Deve ser porque o artigo dela é muito curto. Se tivesse mais algumas linhas de espaço, Eliane poderia ter lembrado ao leitor que quem inaugurou este tipo de baixaria foi um amigo de Serra, que deu a um artigo no Estadão, dirigido ao então governador Aécio Neves, o título de “Pó pará, governador”.

Foi ali que começou uma guerra de dossiês entre os dois tucanos.

PS: brincadeira de mau gosto com título qualquer um pode fazer.

*

Admito que também fiquei preocupado com essa coisa de baixaria. Em conversa com amigos, cheguei a comentar, com sinceridade, que tinha pena dos Perrela. Só que logo assim que falei isso, eu mesmo comecei a rir histericamente, e todo mundo riu muito, porque a nossa mídia conseguiu blindar os Perrela de tal maneira que se transmitiu a ideia de que a apreensão de um helicóptero com meia tonelada de cocaína é uma coisa “normal”. Um acidente da vida que pode acontecer a qualquer um.

Quanto à baixaria, Cantanhede deveria lembrar a seus leitores dois fatores importantes:

1) Que o seu marido é marketeiro do PSDB e ela trabalha na Folha, um pasquim controlado e financiado pelos tucanos.
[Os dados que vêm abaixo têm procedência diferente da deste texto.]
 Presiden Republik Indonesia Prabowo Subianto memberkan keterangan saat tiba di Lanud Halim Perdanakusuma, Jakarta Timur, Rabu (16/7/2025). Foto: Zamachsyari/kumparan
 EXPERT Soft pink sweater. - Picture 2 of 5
2) Que as baixarias maiores, de longe, vem da Folha. Ou ela não se lembra da ficha falsa da Dilma? Baixaria essa que foi seguida de outra, com o próprio Octavio Frias Filho insultando grosseiramente dois professores que enviaram cartinhas à Folha. Pior ainda: Eliane não se lembra da fofoca macabra do Cesar Benjamin, dizendo na Folha que Lula, na cadeia, tinha estuprado, ou tentado estuprar, um adolescente?

Lula está certo. E a militância também está certa em seu sarcasmo em relação ao caso. A direita e a mídia não fizeram o diabo quando pegaram um aloprado petista com dinheiro na cueca? O que é pior? Dinheiro na cueca ou meia tonelada de pó num helicóptero cinco estrelas?

Além disso, a história da cocaína está muito mal contada. O próprio desinteresse da imprensa, escancarado no texto da Cantanhede, é suspeito.

Lula critica falta de critério da mídia na cobertura de escândalo envolvendo aliado de Aécio Neves

“Essa mesma imprensa, que em nome da moral, fala tanto do Zé Dirceu, esconde o outro lado que estava com 445 quilos de cocaína dentro de um helicóptero”, afirmou o ex-presidente

jornalismosss

Usando sua página no Facebook, o ex-presidente Luiz Inácio Lula da Silva cobrou que a mídia tenha o mesmo empenho em apurar os fatos que cercam a apreensão de quase meia tonelada de pasta de coca, na aeronave do deputado estadual Gustavo Perrela (SDD), cuja família é aliada de longa data de Aécio Neves (PSDB), candidato tucano ao Palácio do Planalto. ”Essa mesma imprensa, que em nome da moral, fala tanto do Zé Dirceu, esconde o outro lado que estava com 445 quilos de cocaína dentro de um helicóptero”, afirmou o petista.

No dia 23 de novembro, o helicóptero de Perrela foi apreendido pela Polícia Federal com 443 kg de pasta de coca. O piloto Rogério Almeida Antunes era funcionário do deputado Perrella na Assembleia Legislativa desde abril deste ano, e recebia R$ 1.700. O advogado dele, Nicácio Pedro Tiradentes, declarou que seu cliente contava com toda a confiança do parlamentar e não fazia nada sem autorização.

De janeiro deste ano até o mês de outubro, Perrela investiu R$ 14.071 em combustível para o helicóptero, financiados com verba indenizatória do Legislativo mineiro.

A Assembleia Legislativa de Minas deve abrir um procedimento na Comissão de Ética para investigar o caso.